ABSTRACT

Cultural and religious identity is the site of often painful individual and communal struggle or even strife. In recent years, it has also increasingly become subject to marketing and to media hype, raising the question what the relationship between the struggle for identity and the hype about certain cultural traits or ethnic features is. The VJs on television music channels such as MTV make diversity ‘cool’ with their host of cultural and ethnic backgrounds, just as the Benetton advertisements that adorn streets and magazines do. Certain cultural elements and ethnic traits even acquire cult status. In the rap and hip-hop scene, for example, black culture is emulated with regard to linguistic features, gestures and sports clothes because of the fascination it exerts on fans also of other ethnicities and cultures. Film stars like Richard Gere, who famously is a friend of the Dalai Lama, have helped to bring Buddhism into the headlines and to make it trendy and desirable.

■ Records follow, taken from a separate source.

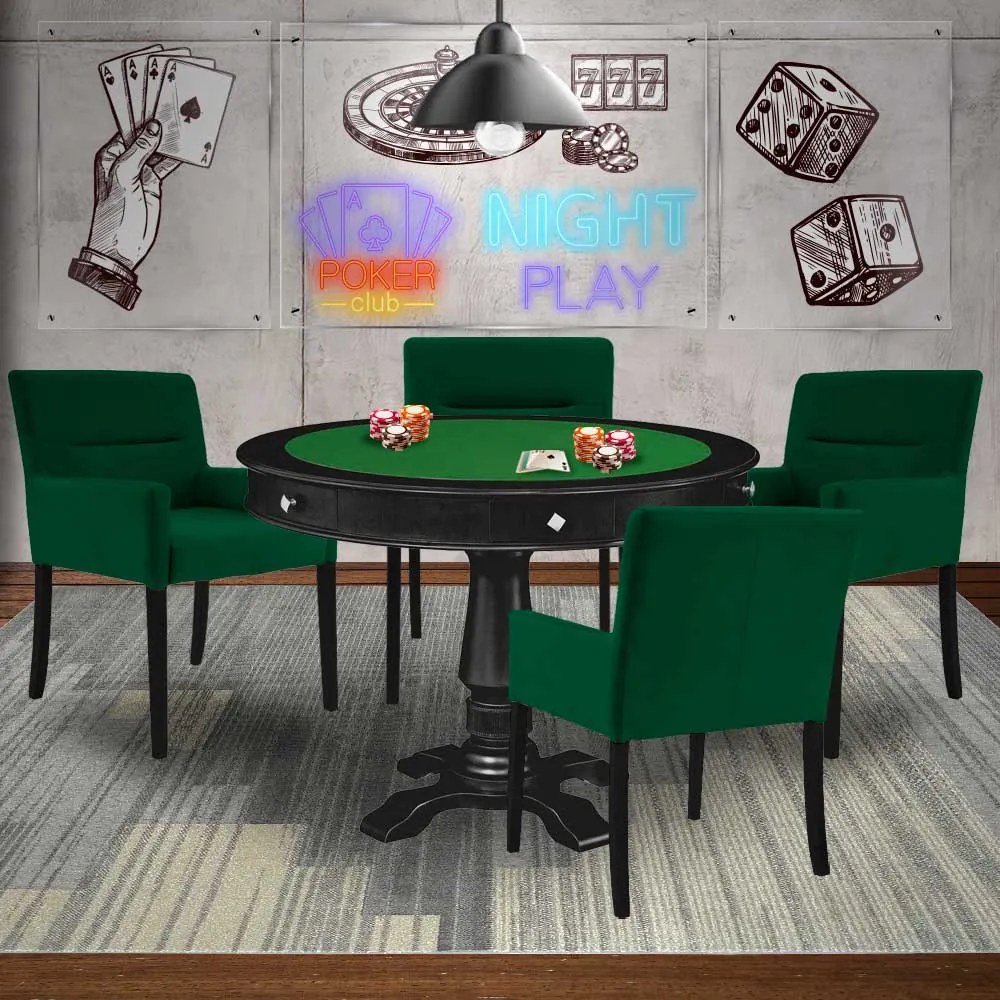 Mesa de Jogos Carteado Victoria Redonda Tampo Reversível Preto com Kit 4 Cadeiras Vicenza Verde G36 G15 - Gran Belo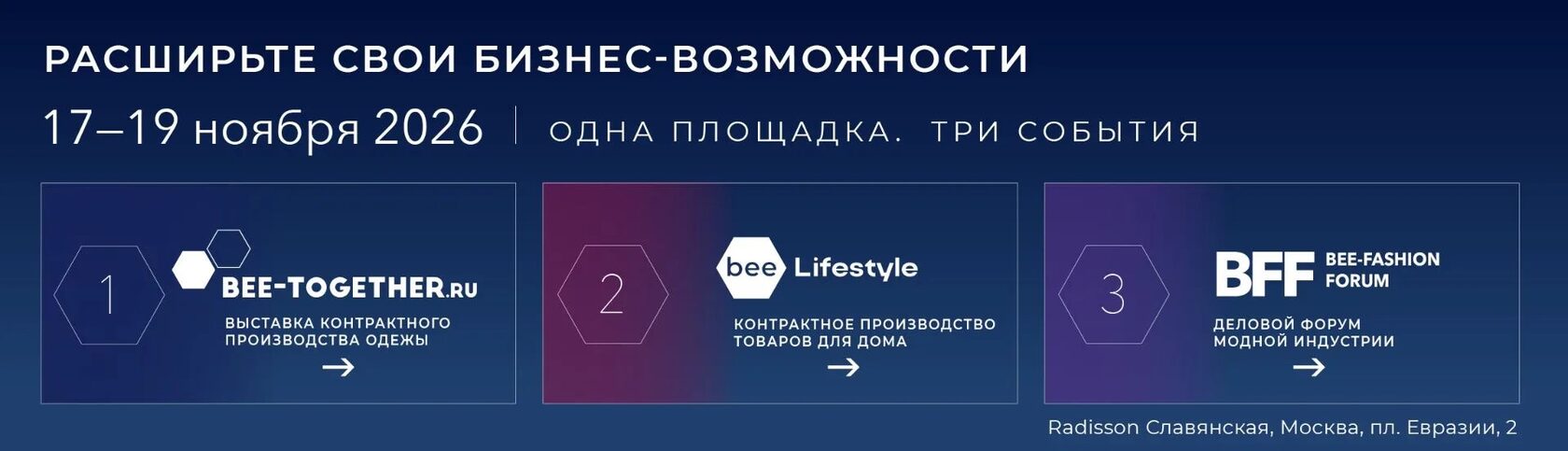 Расширьте свои бизнес-возможности. 17–19 ноября 2026. Одна площадка. Три события. Radisson Славянская, Москва, пл. Евразии, 2.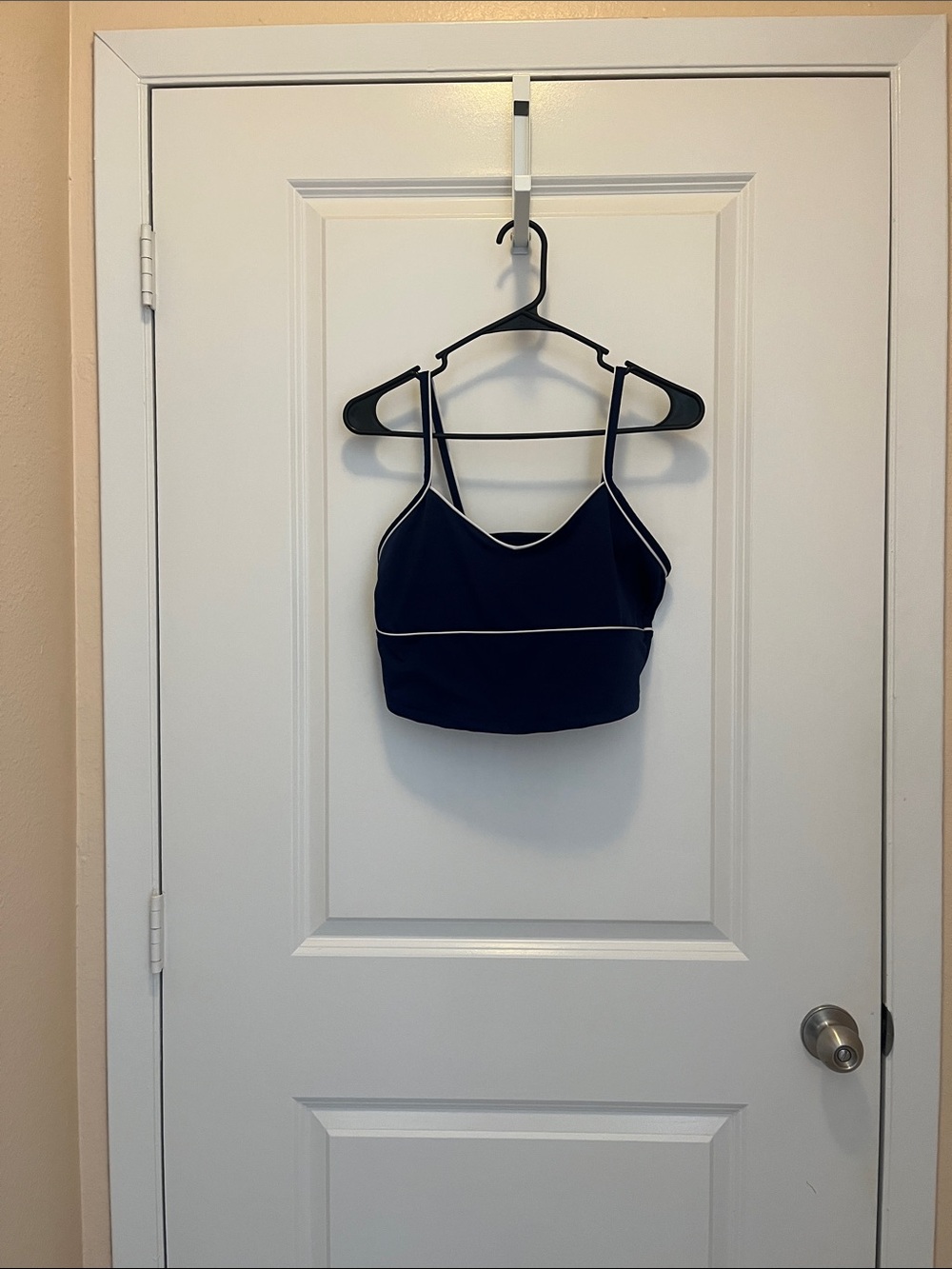 Navy Crop Tank with White Piping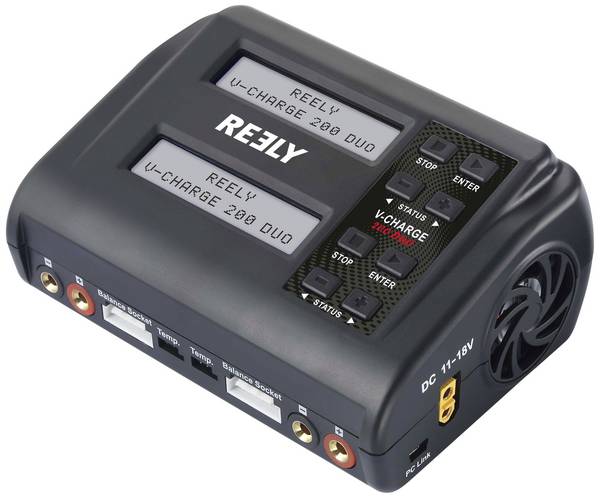 Reely V-Charge 200 Duo modelářská nabíječka, 10 A, Li-Ion, Li-Pol, LiFePO , LiHV , NiCd, NiMH, kyselina sírová, nabíjecí funkce, kontrola teploty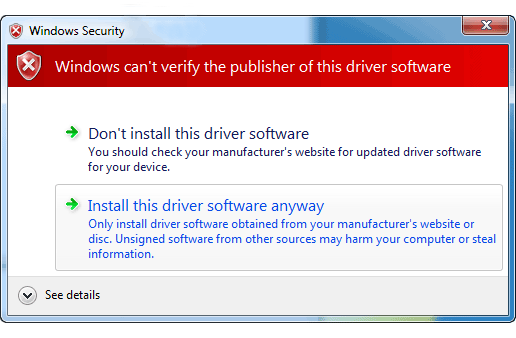 update for windows 7 driver signature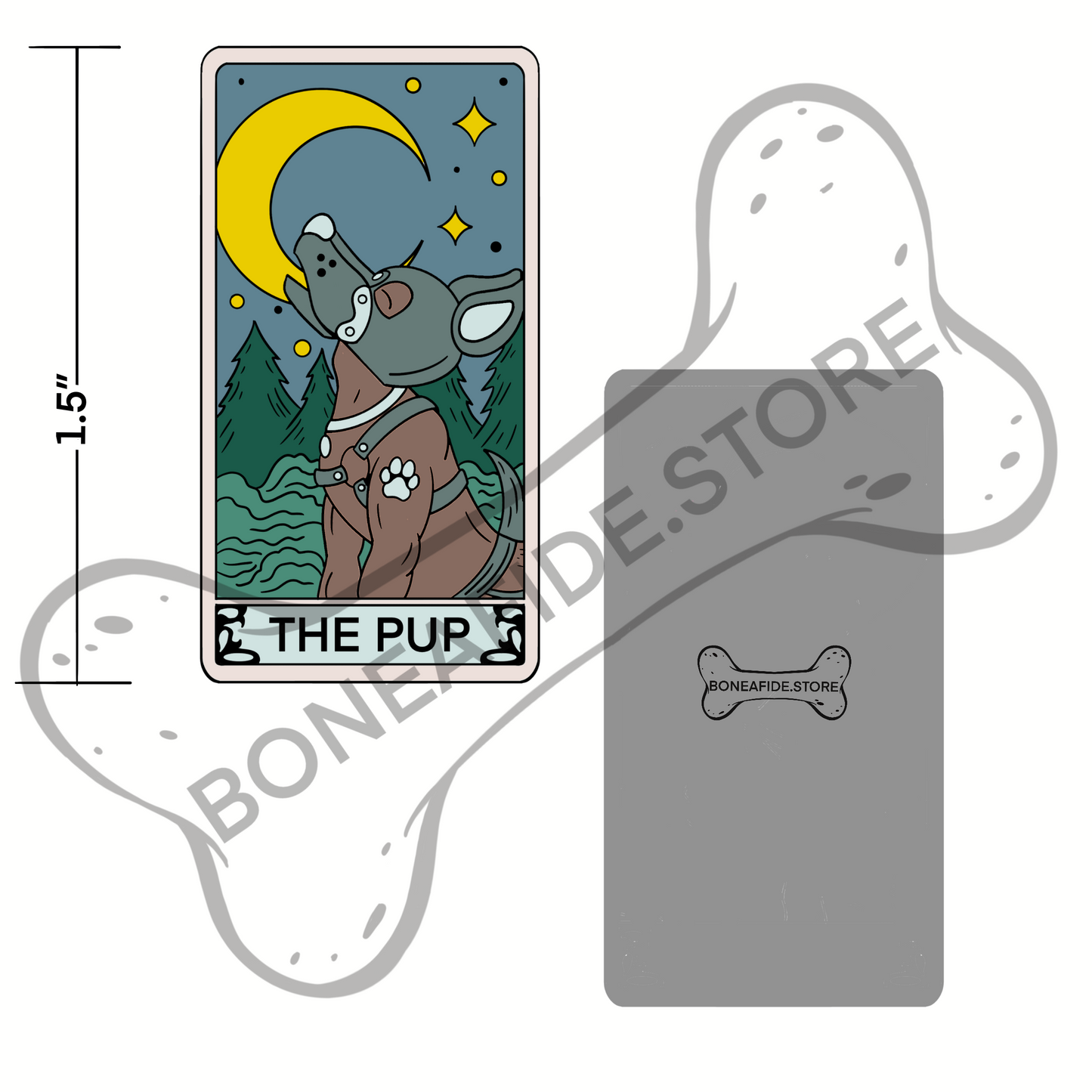 Tarot The Pup Hard Enamel Pin (Night Tone)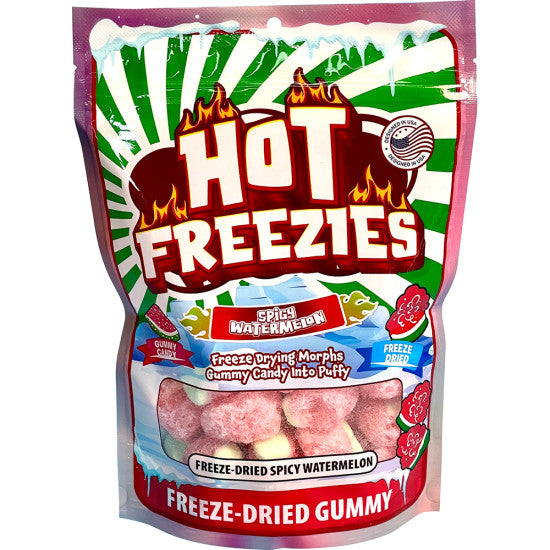 Front of Hot Freezies Spicy Watermelon Freeze-Dried Gummy bag showing bold logo with flames, flavour label, and freeze-dried gummy pieces (100g pack)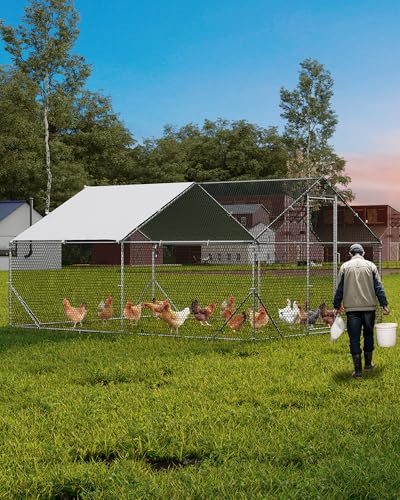 GarveeLife Large Metal Chicken Coop, Chicken Run for 10/20 Chickens, Outdoor Walk in Poultry Cage with Anti-UV Cover and Waterproof, 13.12 x 9.84 x 6.56 Ft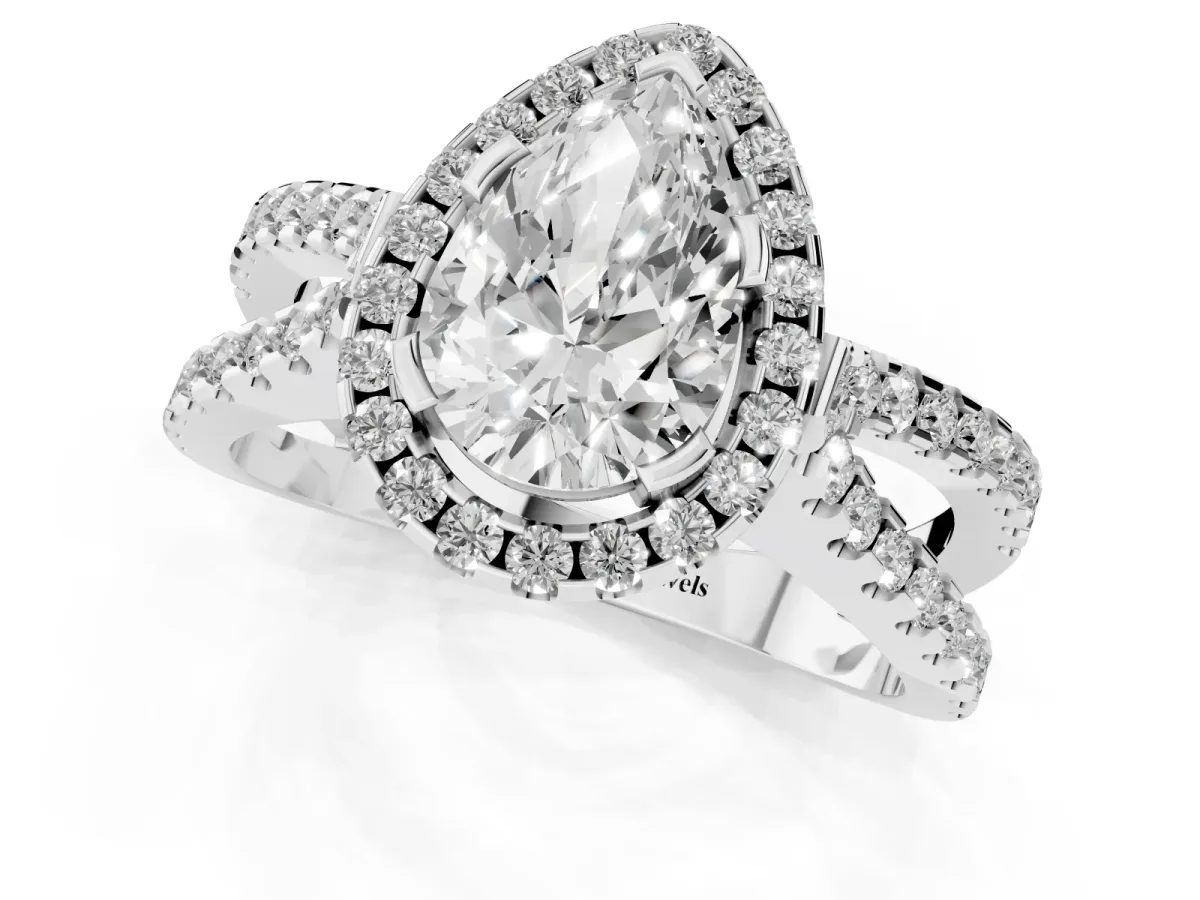 Pear Cut Diamond Halo Ring with Split Shank Pavé Band and Prong Setting Silver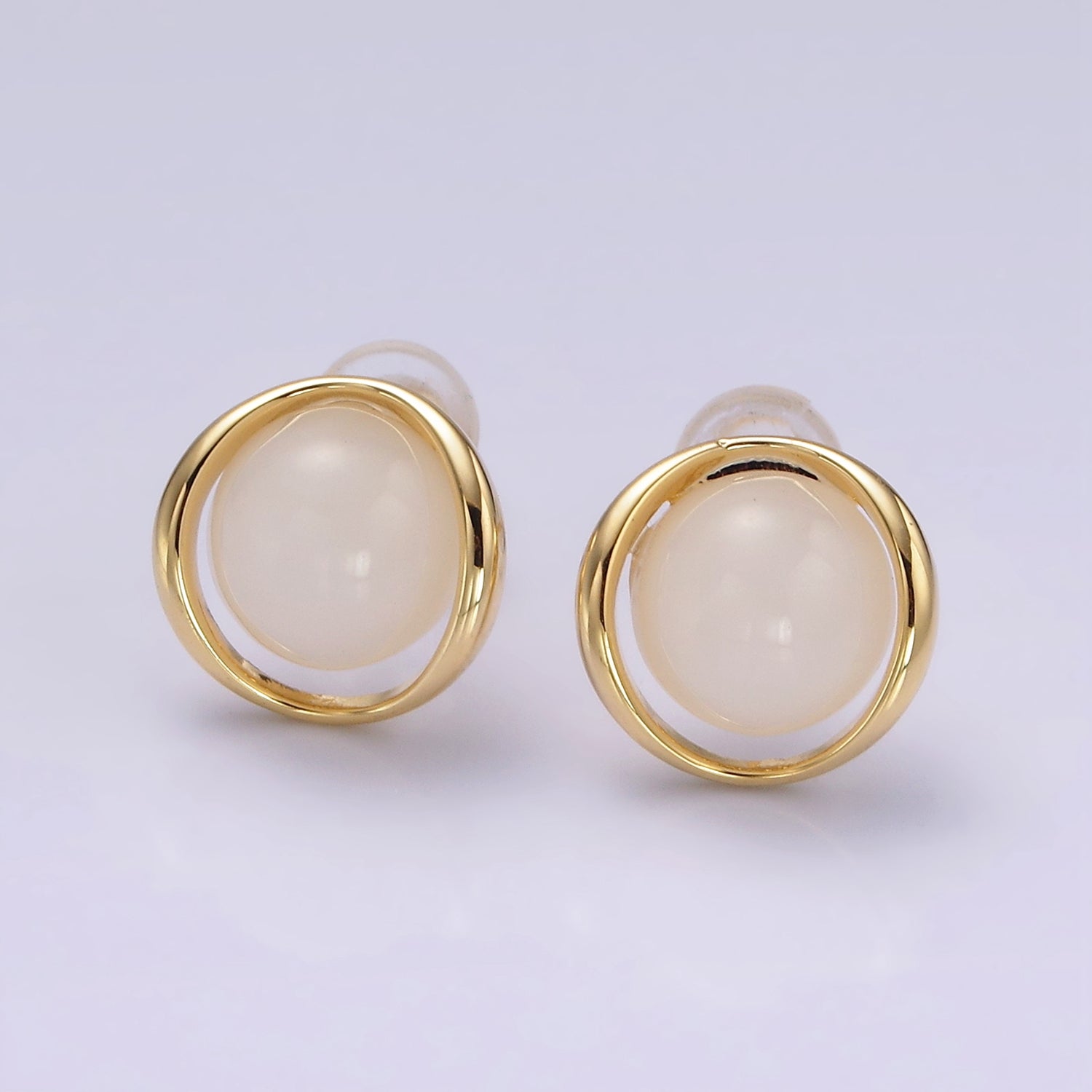 14K Gold Filled White Cat's Eye Open Round Stud Earrings in Gold & Silver | V280 V281 - DLUXCA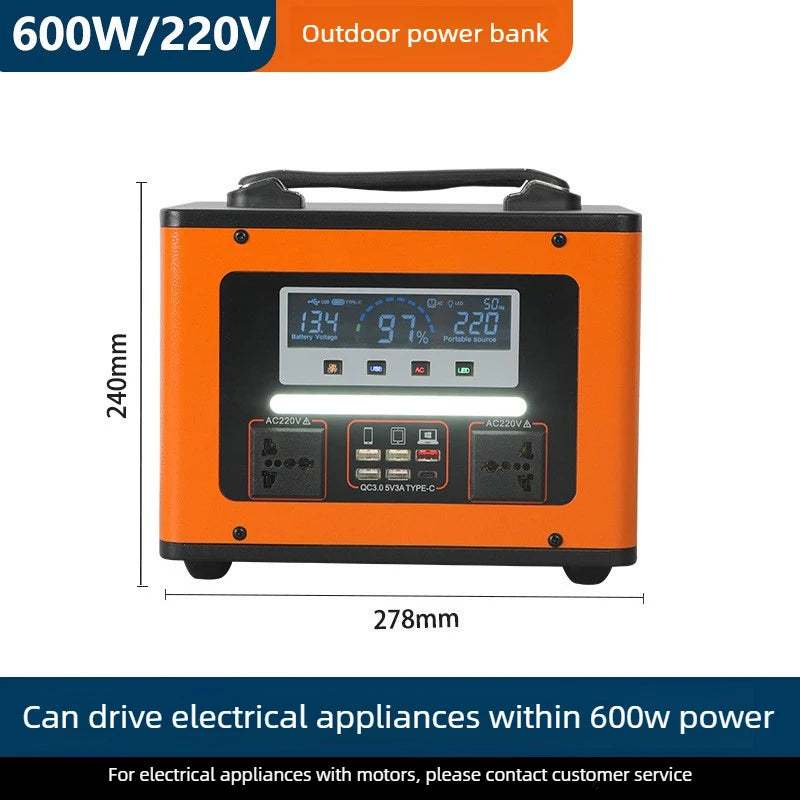 220V 600W Portable Power Station Outdoor Camping Emergency Power Supply AC 600Wh Backup Battery for Travel Fishing Live Stream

With her very name and the crosses she wore in her early career Madonna played with the symbols – and the taboos – of Roman Catholicism. Madonna, however, has recently undergone a name-change and now wishes to be called Esther. She now adheres, together with other celebrities such as actress Demi Moore or fellow singer Britney Spears, to Kabbalah. Madonna/Esther does not only attract attention by attending the Jewish New Year’s celebrations in Israel and by visiting the graves of Kabbalist sages for meditation and prayer, but by also using the iconography connected with the Kabbalah for the promotion of her CD and tour (cf. McGreal 2004; Doward 2004). Especially in the latter case, fans and commentators remain unsure whether Madonna/Esther’s recent penchant for Judaism is strategic ‘product’ placement – and, as the singer’s critics say, a harmful distortion of Jewish faith – or whether other explanations must be found.